The former President said it was wrong and unconstitutional for Clark or his people to lay claim to crude oil or any mineral resources found in the area.

“No territory in Nigeria, including the minerals found therein, belongs to the area of location and this remains so until the federation is dissolved.

“For me, I have never shown any anger or distraught with the Niger Delta or with any part or region of Nigeria. Rather, I have always picked points on leadership performance or policies and I will continue to do so. My records before, during and after the civil war in Nigeria and Niger Delta are without blemish.

“I have always stood for equity and justice in our federation, and for me, tribe has to be suppressed for the state to emerge. Until the state emerges, Nigeria will not make the desired progress as tribesmen will always sacrifice state for tribe. This has always been my position and it will remain my position until I breathe my last.”

On Clark’s allegation of double standard over resource control in the country’s gold being mined by locals in Zamfara, Obasanjo said: “We stand on the same logic with respect to the criminal mining of gold deposits in Zamfara State today or any other state in Nigeria or any other part of Nigeria.

“You cannot have two sovereign entities within a state, which is what your position of Niger Delta’s ownership claim of the crude oil found in that location amounts to. The territory of Nigeria is indivisible and inclusive of the resources found therein. This is the position of the Nigerian Constitution and international law.

“If there is a threat of violence to any part of Nigeria today, including the Niger Delta, it is the Nigerian Military, backed by any other machinery that can be procured or established at the federal level, that will respond to any such threat.

“In principle and practice, the position I have taken on the location of mineral resources in any part of Nigeria is the legal and constitutional position.”

The former President, however, recalled his proposed position that equity and justice demand that those domiciled in the locations are entitled to more of the material benefits accruing from the crude oil or other minerals.

On December 31, 2021, the Archbishop emeritus of Lagos, Cardinal Anthony Olubunmi Okogie, swiftly joined the argument in a statement titled “Who Owns The Oil?”

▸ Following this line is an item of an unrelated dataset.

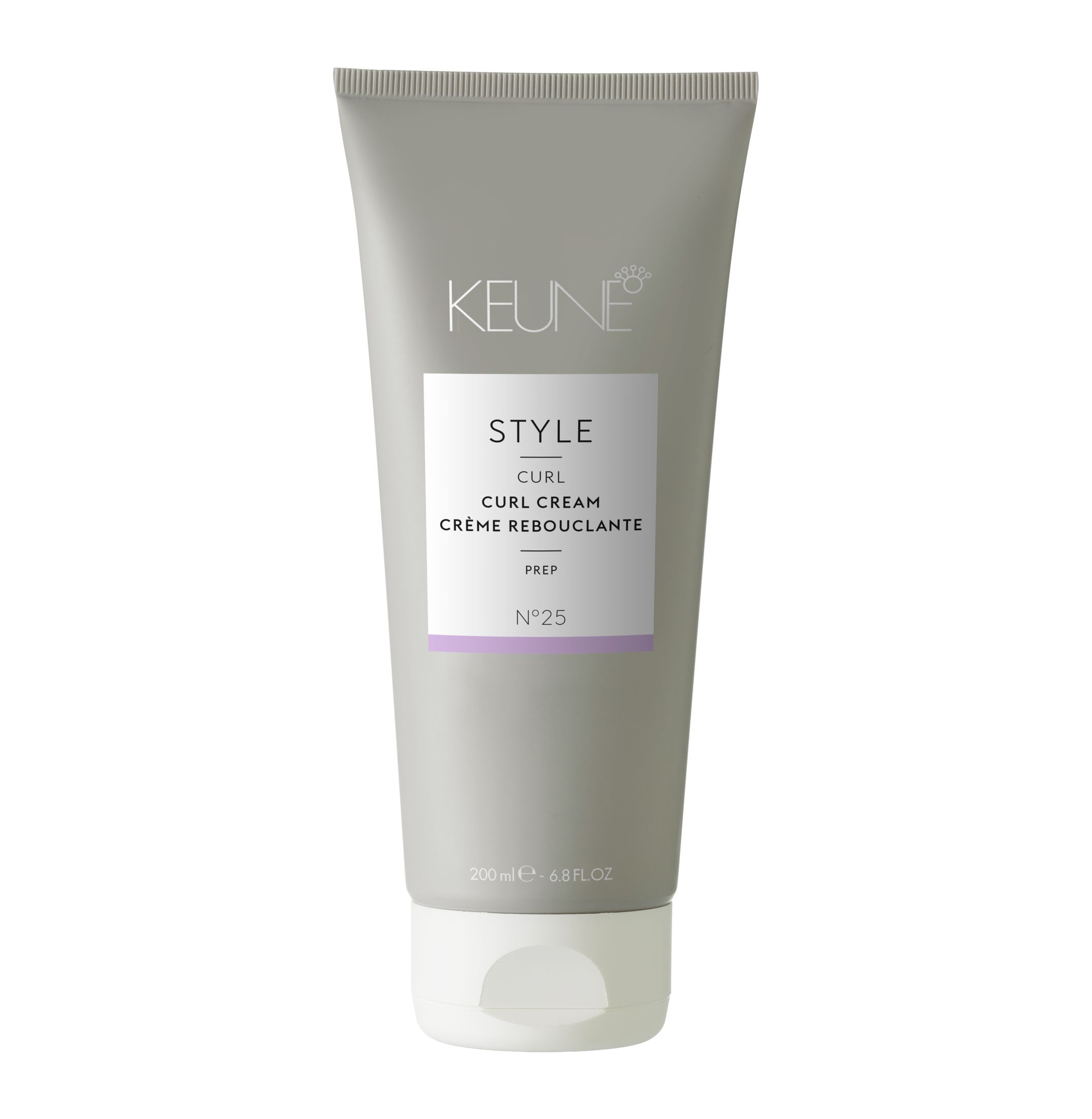 STYLE CURL CREAM Крем для ухода и укладки вьющихся волос 200 мл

Okogie challenged Obasanjo’s view on the ownership of the Niger Delta oil wells, saying “The owner of the land owns whatever is on the land or under the land. To deprive them of that right is to be patently unjust.”

The NNPC
NNPC was established on April 1, 1977 as a merger of the Nigerian National Oil Corporation and the Federal Ministry of Petroleum and Energy Resources. The Nigerian National Petroleum Company Limited (NNPC Ltd) is a profit-generating organisation in Nigeria.

It was formerly a government-owned corporation, but now transformed from a corporation to a limited liability company in July 2022. The NNPC Ltd is the only entity licensed to operate in the country’s petroleum industry in partnership with foreign oil companies to exploit Nigeria’s fossil fuel resources.

By law, it manages the joint venture between the Federal Government and a number of foreign multinational corporations, including Royal Dutch Shell, Agip ExxonMobil, Total Energies, Chevron and Texaco (now merged with Chevron).